Oh, this would be so much easier to explain if I could draw t accounts and show you. I haven't yet tried to explain this one in words only. Here goes:
The allowance account is a contra asset account, which reduces the receivables, so it is a credit balance. When you do an actual write off, you credit John Doe's account out of the receivables and debit it out of the allowance account also. i.e. each account is reduced. So that's what the write-offs during the year are going to do to your balance. You need to get this balance first.
With the method you're using, analysis of receivables, the number you got (59,700) is the balance you want to have in the allowance account at year-end. i.e. this is not your adjusting entry, but the balance you want. (You can't journalize a balance.) Here's where a t account would come in handy. You need to look at the balance in the account, and figure out what needs added (credited) to that account to get to the 59,700 balance. That's the number you will use in the entry.
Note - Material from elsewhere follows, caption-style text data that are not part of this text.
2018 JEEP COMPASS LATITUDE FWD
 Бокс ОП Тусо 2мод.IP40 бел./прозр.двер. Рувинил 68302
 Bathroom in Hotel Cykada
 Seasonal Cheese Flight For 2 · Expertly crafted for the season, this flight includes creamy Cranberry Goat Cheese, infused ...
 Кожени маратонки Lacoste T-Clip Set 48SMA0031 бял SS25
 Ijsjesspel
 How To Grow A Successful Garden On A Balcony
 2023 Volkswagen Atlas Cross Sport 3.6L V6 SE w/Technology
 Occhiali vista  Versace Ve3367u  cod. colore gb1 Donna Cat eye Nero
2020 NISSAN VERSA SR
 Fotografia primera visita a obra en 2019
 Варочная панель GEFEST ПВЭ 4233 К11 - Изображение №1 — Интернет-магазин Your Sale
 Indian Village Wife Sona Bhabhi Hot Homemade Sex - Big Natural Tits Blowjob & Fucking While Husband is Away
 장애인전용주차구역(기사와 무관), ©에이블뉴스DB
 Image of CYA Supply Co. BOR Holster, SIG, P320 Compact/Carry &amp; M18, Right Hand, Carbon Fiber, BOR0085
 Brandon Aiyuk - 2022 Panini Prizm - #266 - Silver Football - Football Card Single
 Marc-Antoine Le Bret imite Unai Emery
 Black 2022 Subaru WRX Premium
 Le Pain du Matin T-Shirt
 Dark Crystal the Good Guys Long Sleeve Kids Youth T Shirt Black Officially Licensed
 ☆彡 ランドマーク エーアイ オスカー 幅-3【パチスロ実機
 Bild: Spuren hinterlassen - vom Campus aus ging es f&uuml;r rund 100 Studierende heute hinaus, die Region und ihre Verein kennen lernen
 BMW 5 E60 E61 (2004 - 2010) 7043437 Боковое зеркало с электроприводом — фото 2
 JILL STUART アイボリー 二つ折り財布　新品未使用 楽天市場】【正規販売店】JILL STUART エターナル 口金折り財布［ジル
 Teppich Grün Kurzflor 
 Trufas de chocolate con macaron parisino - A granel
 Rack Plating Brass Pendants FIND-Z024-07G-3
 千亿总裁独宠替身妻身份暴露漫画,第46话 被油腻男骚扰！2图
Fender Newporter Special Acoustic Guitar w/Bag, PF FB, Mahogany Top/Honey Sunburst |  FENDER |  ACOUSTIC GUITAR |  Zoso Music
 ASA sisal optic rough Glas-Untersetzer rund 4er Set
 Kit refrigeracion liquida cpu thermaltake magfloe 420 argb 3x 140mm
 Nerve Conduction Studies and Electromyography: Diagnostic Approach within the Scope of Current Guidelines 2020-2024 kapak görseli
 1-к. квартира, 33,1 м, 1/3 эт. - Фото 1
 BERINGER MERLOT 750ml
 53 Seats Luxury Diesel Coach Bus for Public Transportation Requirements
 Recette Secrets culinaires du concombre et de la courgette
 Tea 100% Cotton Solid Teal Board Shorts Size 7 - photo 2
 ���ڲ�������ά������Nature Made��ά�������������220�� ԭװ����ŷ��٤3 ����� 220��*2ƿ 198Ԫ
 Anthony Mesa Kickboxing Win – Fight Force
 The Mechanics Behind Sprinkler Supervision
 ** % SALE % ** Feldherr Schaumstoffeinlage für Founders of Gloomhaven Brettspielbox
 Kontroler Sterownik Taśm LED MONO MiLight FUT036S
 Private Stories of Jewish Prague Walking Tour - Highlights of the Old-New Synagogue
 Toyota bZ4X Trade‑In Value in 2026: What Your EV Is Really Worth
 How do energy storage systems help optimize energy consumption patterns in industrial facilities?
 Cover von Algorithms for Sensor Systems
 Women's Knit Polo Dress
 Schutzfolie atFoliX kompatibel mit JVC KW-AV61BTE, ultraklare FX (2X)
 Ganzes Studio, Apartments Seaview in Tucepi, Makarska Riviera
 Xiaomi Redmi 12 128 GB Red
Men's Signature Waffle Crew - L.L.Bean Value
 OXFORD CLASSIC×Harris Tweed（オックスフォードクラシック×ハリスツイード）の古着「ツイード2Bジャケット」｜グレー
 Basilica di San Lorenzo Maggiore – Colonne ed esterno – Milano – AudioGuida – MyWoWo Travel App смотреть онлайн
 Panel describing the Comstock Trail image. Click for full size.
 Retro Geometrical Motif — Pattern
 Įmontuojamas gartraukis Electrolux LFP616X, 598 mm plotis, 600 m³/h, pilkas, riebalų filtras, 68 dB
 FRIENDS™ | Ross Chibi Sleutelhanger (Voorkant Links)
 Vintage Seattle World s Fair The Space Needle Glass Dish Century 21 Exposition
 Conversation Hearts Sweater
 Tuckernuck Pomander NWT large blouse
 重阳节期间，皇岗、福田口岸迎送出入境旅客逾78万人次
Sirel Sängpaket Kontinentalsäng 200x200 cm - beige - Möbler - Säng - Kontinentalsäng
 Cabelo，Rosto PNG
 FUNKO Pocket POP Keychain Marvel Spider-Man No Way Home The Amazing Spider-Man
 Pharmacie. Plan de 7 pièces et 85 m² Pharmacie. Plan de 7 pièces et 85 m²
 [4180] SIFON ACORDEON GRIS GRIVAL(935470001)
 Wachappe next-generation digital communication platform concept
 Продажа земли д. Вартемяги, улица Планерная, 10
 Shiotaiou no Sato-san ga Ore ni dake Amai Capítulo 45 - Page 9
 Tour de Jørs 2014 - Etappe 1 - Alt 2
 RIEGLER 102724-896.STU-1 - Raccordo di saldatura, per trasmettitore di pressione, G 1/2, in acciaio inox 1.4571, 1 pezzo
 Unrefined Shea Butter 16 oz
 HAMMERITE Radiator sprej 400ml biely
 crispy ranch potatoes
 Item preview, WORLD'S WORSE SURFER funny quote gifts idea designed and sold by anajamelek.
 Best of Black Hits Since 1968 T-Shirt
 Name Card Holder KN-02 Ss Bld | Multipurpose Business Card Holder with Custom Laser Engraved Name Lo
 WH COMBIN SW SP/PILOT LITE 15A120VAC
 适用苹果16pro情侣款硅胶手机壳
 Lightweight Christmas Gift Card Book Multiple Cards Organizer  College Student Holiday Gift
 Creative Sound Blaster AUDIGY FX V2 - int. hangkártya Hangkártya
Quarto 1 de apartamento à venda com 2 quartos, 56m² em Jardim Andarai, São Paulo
The adjusting entry is always a dr to Bad Debt Expense or Uncollectible Accounts Expense, or whatever you're book is calling it, and a credit to the Allowance account. Remember that expenses are always debits. And this allowance account is a contra asset, making it a credit.
That allowance will then reduce the amount of the receivables. The receivables don't have value if you think you can't collect them. So the estimate of what you think you can't collect reduces that value to a lower net number. (Called net realizable value.) There's actually two ways you can present this on the balance sheet. Hopefully your book has an example of this.